Three months after returning to the UK after a holiday in Gambia, Miss N, a 27-year-old care assistant, telephoned her GP practice for advice and spoke to Dr T. She told him that she was feeling generally unwell and slightly feverish and had noted that her urine was unusually dark. Dr T thought that she was probably suffering from ’flu, with some dehydration, and advised Miss N to take paracetamol and plenty of fluids. In taking her history, he did not ask her whether she had travelled abroad in the last year, nor did he review her notes, which recorded a visit for vaccination against tropical diseases four months earlier.
Two days later, Miss N telephoned the surgery again to report that she was feeling much worse. She had been suffering chills and fever, followed by profuse sweating, and was also experiencing gastric symptoms in the form of diarrhoea and vomiting. This time she spoke to Dr H, who considered that the most likely diagnosis was viral gastroenteritis. She advised Miss N to take plenty of fluids and to contact the surgery again if her symptoms had not subsided in 48 hours.
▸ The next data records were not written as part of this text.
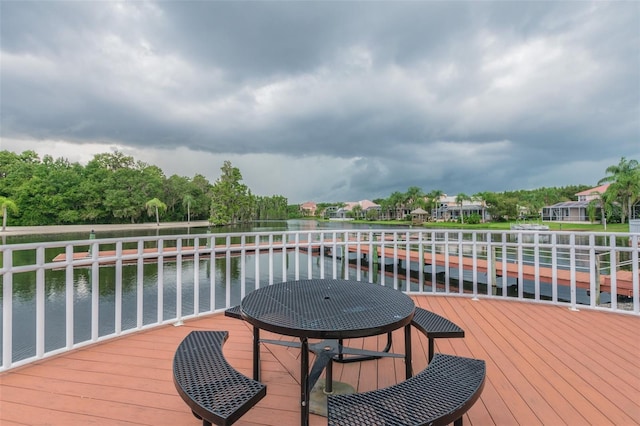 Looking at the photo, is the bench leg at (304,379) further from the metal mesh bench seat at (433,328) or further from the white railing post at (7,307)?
the white railing post at (7,307)

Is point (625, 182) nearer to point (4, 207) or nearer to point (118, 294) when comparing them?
point (118, 294)

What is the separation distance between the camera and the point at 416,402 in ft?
3.44

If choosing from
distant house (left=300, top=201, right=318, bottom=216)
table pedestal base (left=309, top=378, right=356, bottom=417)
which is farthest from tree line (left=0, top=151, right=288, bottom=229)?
Answer: distant house (left=300, top=201, right=318, bottom=216)

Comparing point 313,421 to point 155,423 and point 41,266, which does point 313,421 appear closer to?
point 155,423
Miss N was rushed to hospital after collapsing at home two days after this phone call. She died soon after admission and a postmortem examination confirmed the cause of death as Plasmodium falciparum malaria.
Subsequently, a claim was brought against both Dr T and Dr H on behalf of Miss N’s 6- year-old son, alleging negligence in failing to consider malaria as a cause of Miss N’s symptoms.
We asked a GP expert to review the case and he concluded that both Dr T and Dr H had failed to deliver an acceptable standard of care. They both had access to Miss N’s notes, yet neither had appeared to review the most recent entries, in which they would have learned that she had recently travelled to a tropical country. Furthermore, he considered that it should be standard practice, when taking a history from a patient presenting with Miss N’s symptoms, to include a question about any travel abroad in the previous 12 months.
He was especially critical of Dr H, however, for not taking Miss N’s complaint of fever more seriously. Although viral gastroenteritis is often accompanied by a lowgrade fever, the chills and sweating Miss N described should have alerted Dr H to the possibility that she had contracted a more serious infectious disease.
Moreover, as she had already been ill for two days, and diarrhoea had only just developed, he felt that viral gastroenteritis was not the most obvious diagnosis to account for this history.
On the basis of this opinion, the case was settled out of court for a substantial sum.
- According to WHO estimates, more than 30,000 international travellers a year fall ill with malaria.
- Plasmodium falciparum malaria can be fatal, and is Chloroquine-resistant in regions where it is endemic.
- The onset of malaria can be delayed, especially when the patient has been taking prophylaxis.
- The early signs and symptoms of malaria are nonspecific, so asking patients presenting with ’flu-like symptoms about travel they have undertaken in the previous 12 months is key to making the diagnosis and should be included in the history-taking.
- WHO advises the following, “Fever occurring in a traveller one week or more after entering a malaria risk area, and up to three months after departure, is a medical emergency that should be investigated urgently. Prompt diagnosis and correct treatment of malaria can mean the difference between life and death.”
- It is a matter of good practice to review the patient’s notes for each consultation.
- If a patient is not improving, the diagnosis should be reviewed and further investigations initiated.
For up-to-date guidance on the diagnosis and management of malaria, see Griffith, KS et al, Treatment of Malaria in the United States: A Systematic Review, JAMA 297 (20): 2264–77 (2007).